I had a dream, and in this dream i dreamt up this entertainment unit for some bizzare reason and started a company called Fishy Furniture,... yes i dream of being an entrepreneur. And im a student so yes i have alot of time on my hands.










So the black things above the tank are hatches to access aquarium and the lighter brown part is a light hood.

I'm thinking of building it during the holidays as i think i'm pretty handy, any advice as to problems etc would be appreciated.

Cheers Rusty.


----------



## hollie (Jun 30, 2007)

I know of a few places over here that have fish tanks built into the furniture! There's at least two people who have fish tank desks, and one of the big hotel chains has fish tank columns in their restaurant!

It looks great, good luck with it!


----------



## Daz (Sep 20, 2006)

With things like this urgonomics is always the problem, like ease of cleaning and the like. Best of luck thou.


----------



## Mike (Jul 16, 2006)

I think that is a very cool idea, Rusty.

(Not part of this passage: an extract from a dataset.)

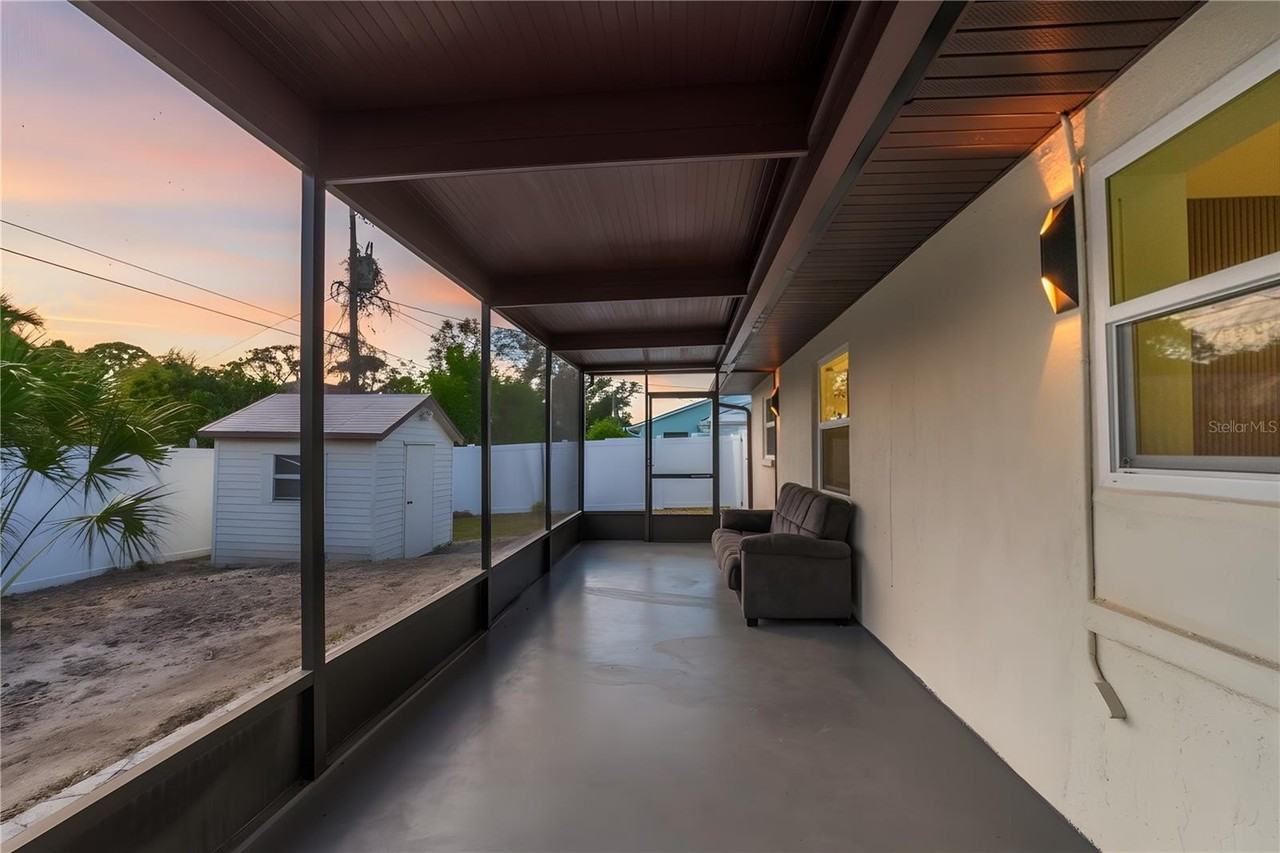 1461 Royal Rd - Photo 2 of 50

At first I thought it was a desk because I thought the TV was a monitor. I wondered where the person sitting would put their legs since there was a fish tank there.

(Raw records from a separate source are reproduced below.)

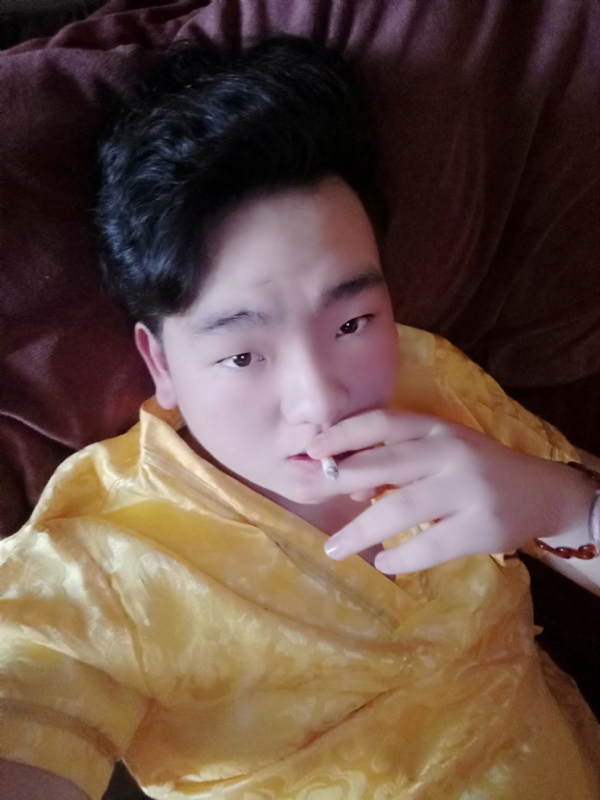 有心无力的第一张照片--哈尔滨相亲服务中心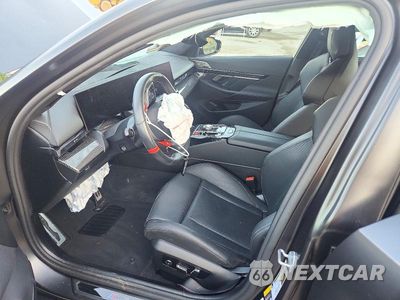 Zdjęcie 7 z 12 samochodu: 2025 BMW M5 VIN:WBS83FK08SCU36616 - miniatura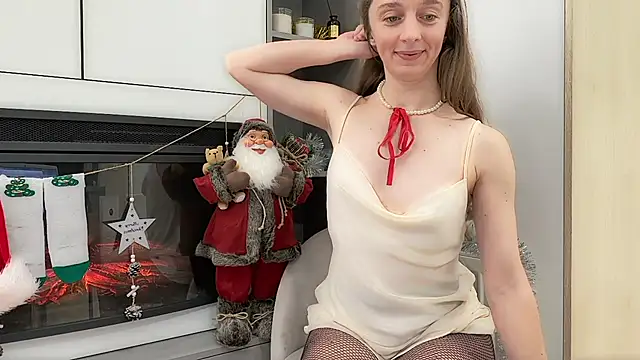 ShySchoolGirl live cam screenshot female on CamHD – HD Live Webcams & Adult Chat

When I realized it was a TV stand, though, I really liked the idea. Some of the stands for larger tvs are obnoxiously large, with lots of wasted space. It would be very cool, and space saving, to have a fish tank built into one. Not only that, but assuming a couch is across from the TV and TV stand, the tank would be positioned for optimal viewing, at least in so far as you'd be sitting directly across from it. I don't know whether you would want to have to look down any time you wanted to see your fish, though. Regardless, it would certainly impress guests!

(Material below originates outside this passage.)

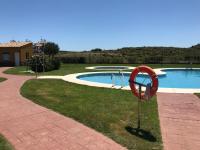 Bazén v ubytování Costa Esuri Golf Apartments nebo v jeho okolí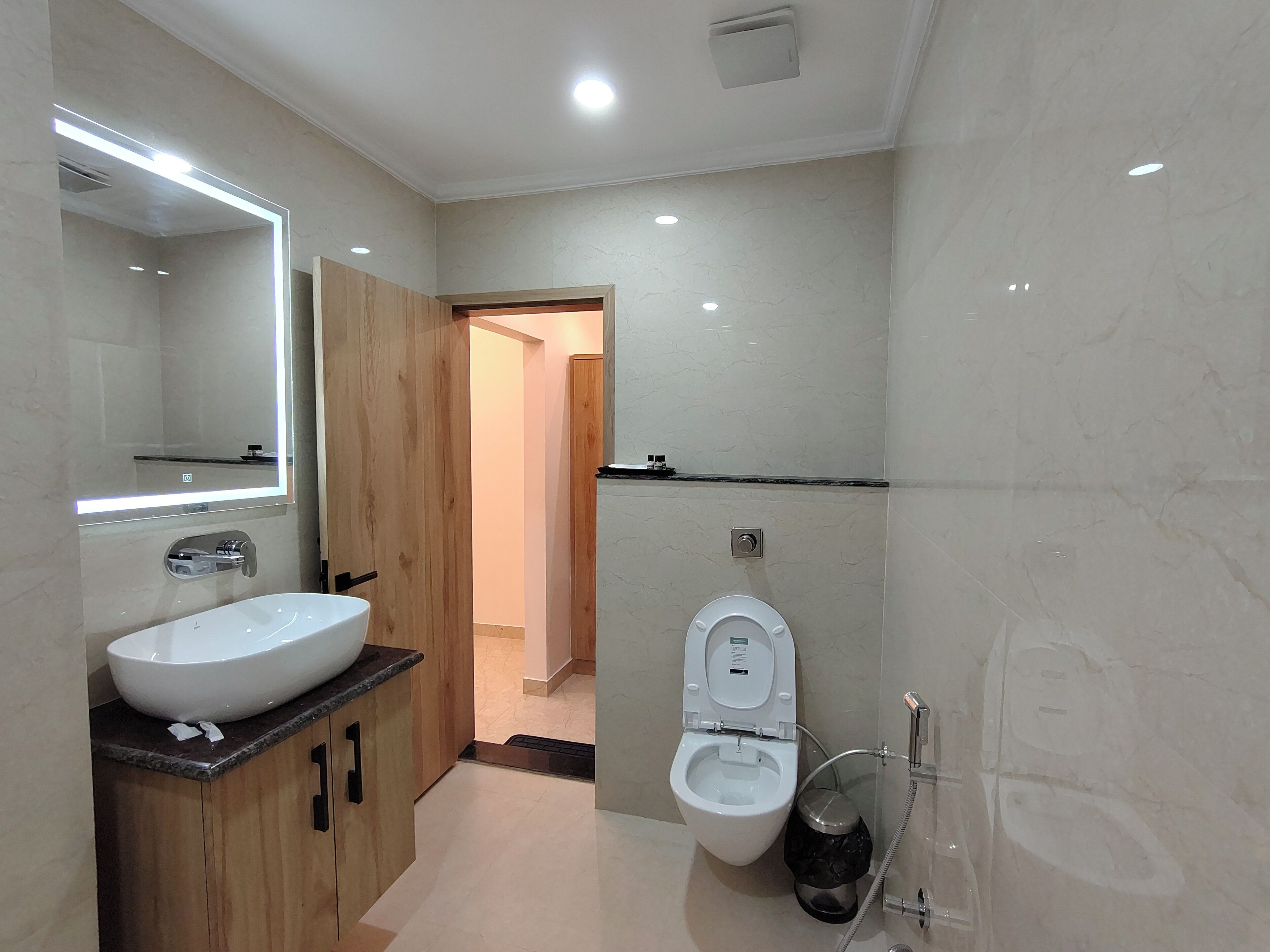 Deluxe Double Room, City View | Bathroom | Shower, free toiletries, soap, shampoo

Then I considered the fish, though. Assuming the speakers were built into the TV, I imagine it would produce quite a bit of vibration, especially with the bass turned up. I can't imagine it would be good for the fish, but maybe it wouldn't affect them. I don't know enough about it. Maybe somebody who knows more can comment. If it is a problem, you may be able to solve it by passing the sound from the TV's built in speakers to an external sound system, like an HTiB, or home theater in a box. I imagine people interested in and with the means for an impressive fish tank tv stand might be similarly interested in such a sound system. The speakers could probably be set up far enough away from the TV/stand so that the sound or vibrations did not affect the fish. The speaker for the central channel in a 5.1 surround sound system is typically placed above or below the TV, but you could always compromise for the sake of the fish. 2.1 surround sound configurations, which try to emulate true surround sound with two speakers and a sub woofer, position the speakers to the left and right of the TV, so you may be able to place them far enough away from the tank so that they don't affect the fish.

Anyhow, those are just a few thoughts. Good luck with the company! I'm looking forward to seeing more aquarium furniture out there than the wall mounts and coffee tables!

Mike


----------



## Rusty (Apr 14, 2007)

Hey guys thanks. Yeah cleaning the tank would be a bit tough but i have pretty long arms and reckon i could reach most of the tank hopefully. And Administrator in regards to the position couch, it is a modular that would be on the opposite side of the room so the viewing angle would be great and wouldn't be much of a mission to see the fish. The tank at the moment is above the tv, as you can see. (its below the DVD player)










Also in regards to the sound i have a 5.1 ch sound systems with a subwoofer that i would most probably sit on the ground off of the cabinet to protect the fish from most of the vibration, also i could perhaps lay some polystyrene foam or something like that to cushion the tank for more protection.

Look forward to more input.

Cheers,
Nathan


----------